Em 1976 foi declarada Parque Natural da Serra da Estrela. Como todas as coisas que são declaradas interessantes e valiosas, toda a gente as quere ver. Tornam-se assim, monumentos ou regiões “turísticos”, que não são protegidos, mas explorados, tornam-se uma fonte de  receita. Assim sucede por toda parte, em Portugal, por exemplo, com o Mosteiro dos Jerónimos, a Torre de Belém. Eu visitei a Torre de Belém antes de ser Património Mundial. Não estava lá quase ninguém. Subi à torre com a minha família, de graҫa, admirei as velhas arcas nas salas e gozei a vista do topo da torre. Se lá quiser ir hoje, tenho de estar em bicha para pagar 6 €, e as salas estão todas vazias, senão a multidão destruiria tudo o que lá estivesse. Para já não falar no desgaste que a torre sofre com os milhares e milhares de visitantes. 

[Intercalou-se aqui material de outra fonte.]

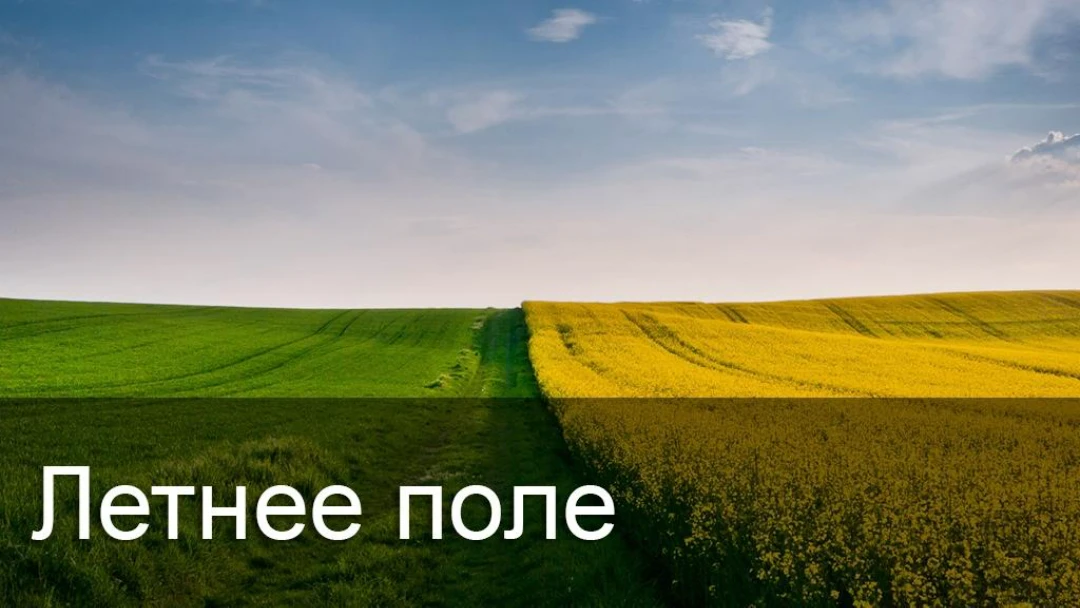Передача Летнее поле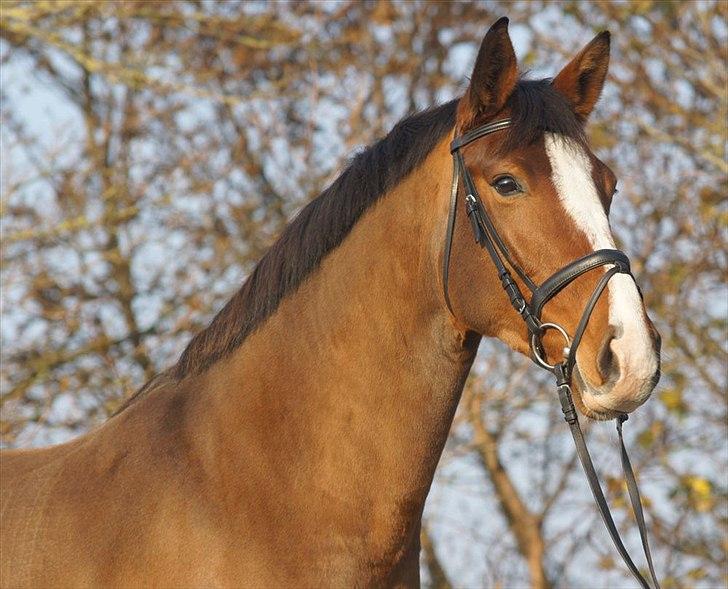 Dansk Varmblod Sundorfs Thalia billede 1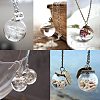 Round Handmade Blown Glass Globe Ball Bottles BLOW-PH0001-08-6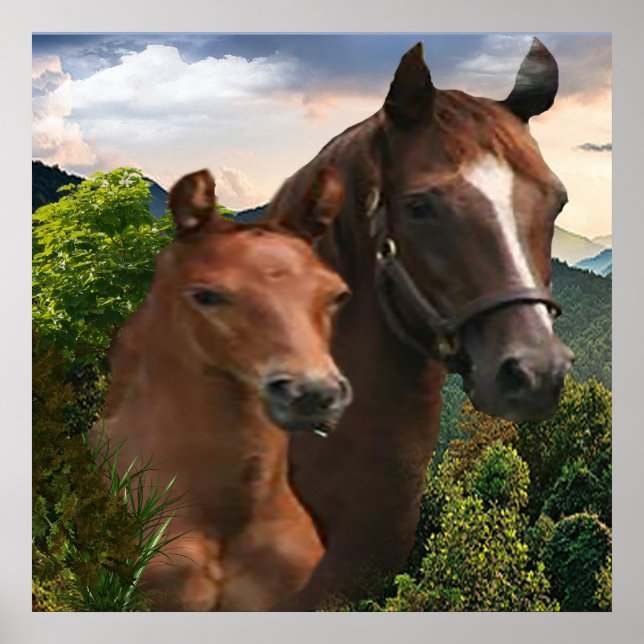 Poster Eu amo Cavalos (Frente)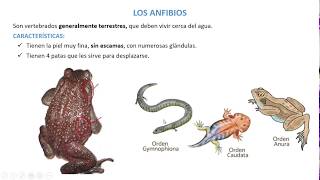 Vertebrados  anfibios y reptiles 1º ESO [upl. by Tavis454]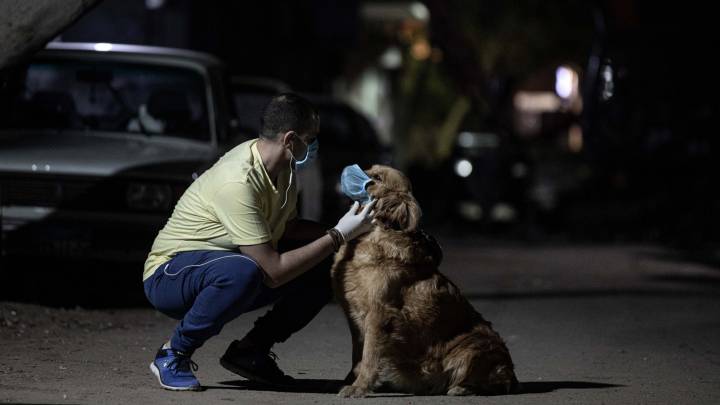 Foto: Cortesía ¡Una más de 'lomitos'! Los perros son capaces de detectar personas contagiadas de COVID-19: estudio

No Parque Nacional da Peneda-Gerês vi uma família com uma cobra que haviam matado. Para muita gente todas as cobras são venenosas e não vão elas agora ser um perigo para os visitantes da natureza. Para a maior parte das pessoas um parque natural é uma região “turística”, que se visita para recreaҫão, para passar um domingo de verão. Não lhes interessa que bichos há ali e se virem alguns, matam-se.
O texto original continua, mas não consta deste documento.